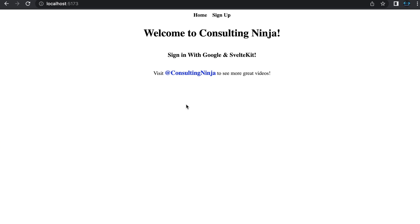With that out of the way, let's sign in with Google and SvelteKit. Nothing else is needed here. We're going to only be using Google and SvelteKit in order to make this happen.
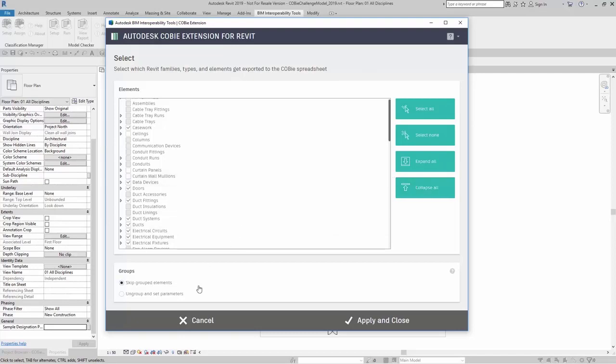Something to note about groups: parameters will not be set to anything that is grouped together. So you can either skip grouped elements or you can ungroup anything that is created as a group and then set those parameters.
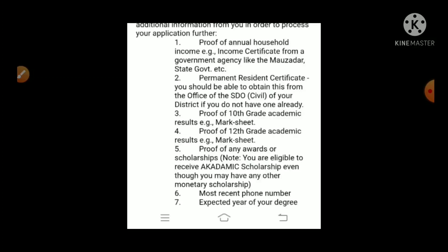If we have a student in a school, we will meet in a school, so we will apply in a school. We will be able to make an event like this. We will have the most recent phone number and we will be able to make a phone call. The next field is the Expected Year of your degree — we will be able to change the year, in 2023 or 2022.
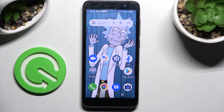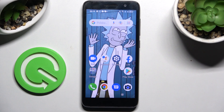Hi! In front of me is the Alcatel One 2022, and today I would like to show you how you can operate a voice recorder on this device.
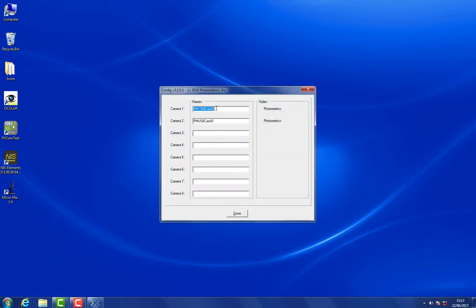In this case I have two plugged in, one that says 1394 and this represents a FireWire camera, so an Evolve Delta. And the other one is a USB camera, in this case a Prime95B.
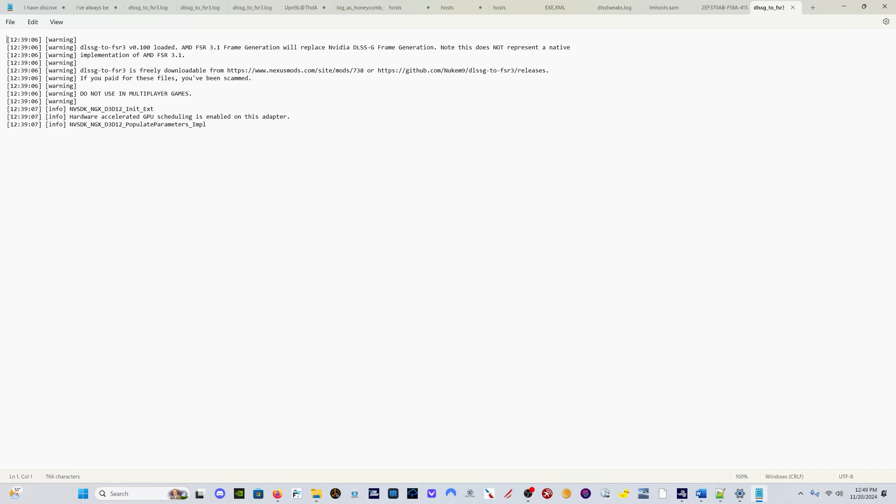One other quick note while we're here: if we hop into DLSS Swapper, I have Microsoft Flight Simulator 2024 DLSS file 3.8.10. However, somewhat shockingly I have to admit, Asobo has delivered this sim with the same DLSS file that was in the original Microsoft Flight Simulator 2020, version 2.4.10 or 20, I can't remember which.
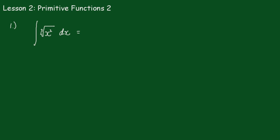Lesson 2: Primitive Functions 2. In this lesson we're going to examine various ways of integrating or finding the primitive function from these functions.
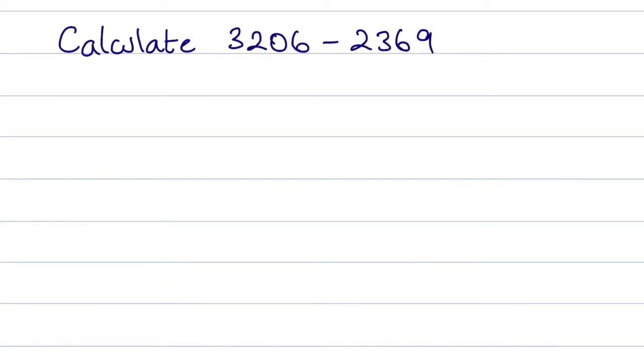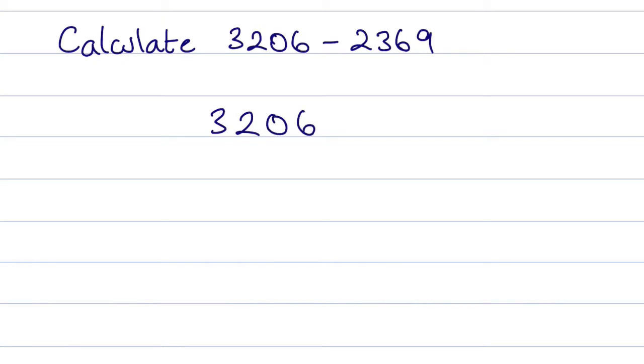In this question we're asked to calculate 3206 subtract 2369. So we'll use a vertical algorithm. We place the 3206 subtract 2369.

☆ ☆ ☆ ☆

* [WORK ORDER]: When you reproduce the data shown above, keep each line exact and omit every picture.

* [ANSWER SPACE]:
With that out of the way, let's sign in with Google and SvelteKit. Nothing else is needed here. We're going to only be using Google and SvelteKit in order to make this happen.
Something to note about groups: parameters will not be set to anything that is grouped together. So you can either skip grouped elements or you can ungroup anything that is created as a group and then set those parameters.
If we have a student in a school, we will meet in a school, so we will apply in a school. We will be able to make an event like this. We will have the most recent phone number and we will be able to make a phone call. The next field is the Expected Year of your degree — we will be able to change the year, in 2023 or 2022.
Hi! In front of me is the Alcatel One 2022, and today I would like to show you how you can operate a voice recorder on this device.
In this case I have two plugged in, one that says 1394 and this represents a FireWire camera, so an Evolve Delta. And the other one is a USB camera, in this case a Prime95B.
One other quick note while we're here: if we hop into DLSS Swapper, I have Microsoft Flight Simulator 2024 DLSS file 3.8.10. However, somewhat shockingly I have to admit, Asobo has delivered this sim with the same DLSS file that was in the original Microsoft Flight Simulator 2020, version 2.4.10 or 20, I can't remember which.
Lesson 2: Primitive Functions 2. In this lesson we're going to examine various ways of integrating or finding the primitive function from these functions.
In this question we're asked to calculate 3206 subtract 2369. So we'll use a vertical algorithm. We place the 3206 subtract 2369.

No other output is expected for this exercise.